Small business entrepreneur and TeamPact founder Echols vows he will be an activist commissioner and plans to travel around the state to speak with schools, Kiwanis, Rotary Clubs and others. By utilizing the opportunity to discuss the issues, he feels it will best service Georgia consumers by allowing them to be engaged on energy and utility issues that will affect every resident.

"Our campaign strategy was very simple: to maximize the use of very limited financial resources. Volunteers went door-to-door, making phone calls. They also did something I don’t think that’s been done before; volunteers sent out postcards with personalized message and stamp on behalf of the campaign."

Echols looks forward to spend more time in Newton and Rockdale to garner the votes he was unable to get in the runoff. He hopes to work with his former opponents Sen. John Douglas, Rep. Jeff May of Monroe and Sen. Joseph Brush of in order to defeat Democratic challenger Keith Moffett.

"I really enjoyed debating; it was one of the most enjoyable parts of the campaign with Senator Douglas, debating on the issues," Echols added.

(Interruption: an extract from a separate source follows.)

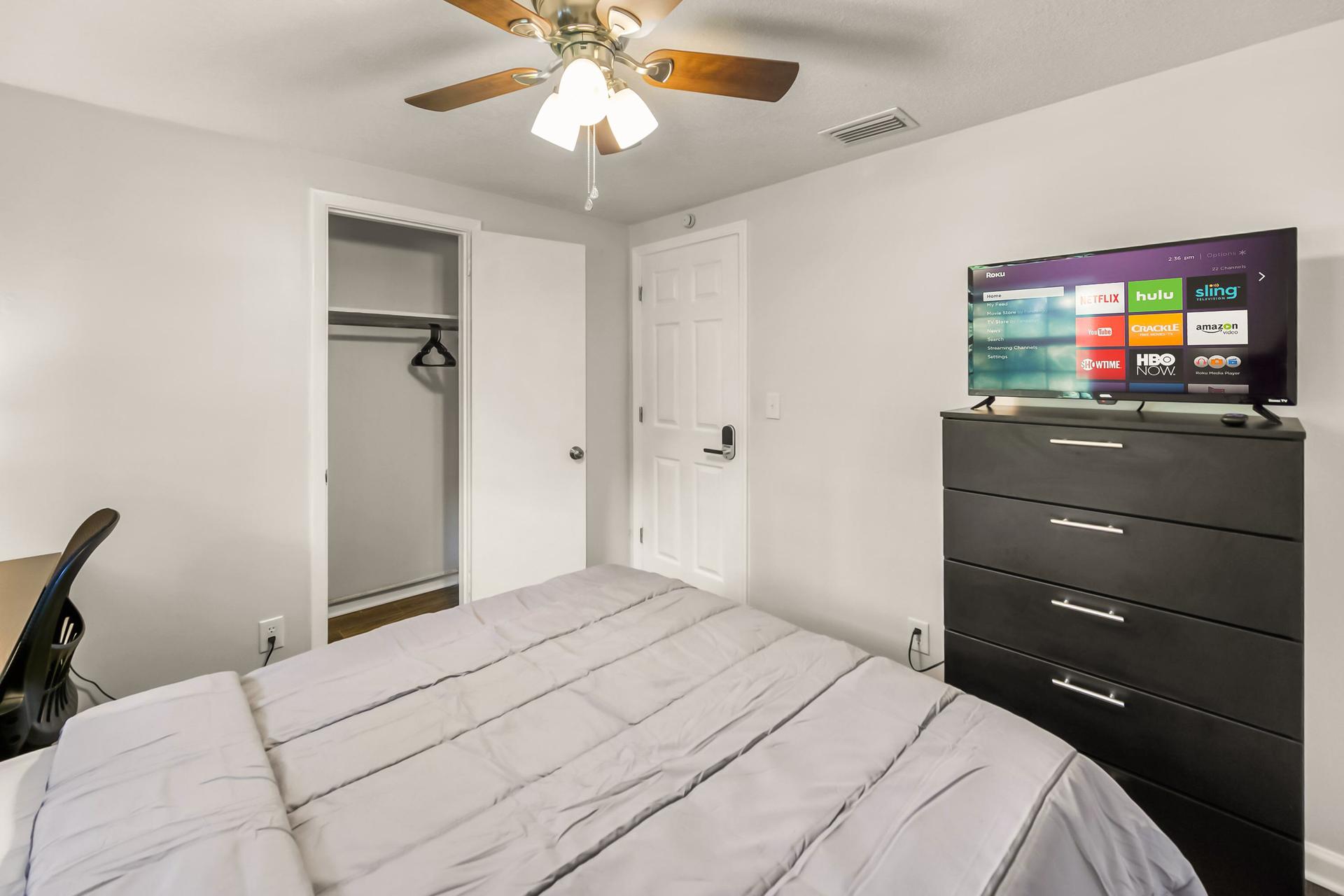 bedroom, detected:bed, ceiling fan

Echols and Moffett, who called Echols to congratulate him Wednesday morning, will be vying for the open seat on the commission in the general election.

State Rep. 110 (R)

Andrew J. Welch III won 54.2 percent (3,336) of the votes, defeating challenger Lee M. Spahos for the Republican nomination. Welch received 60.91 percent (910) of the voters from Newton County; Spahos took in 45.8 percent (2,824) from statewide results and 39.09 percent (584) from Newton. Welch will go up against Democrat Rudy Cox in November.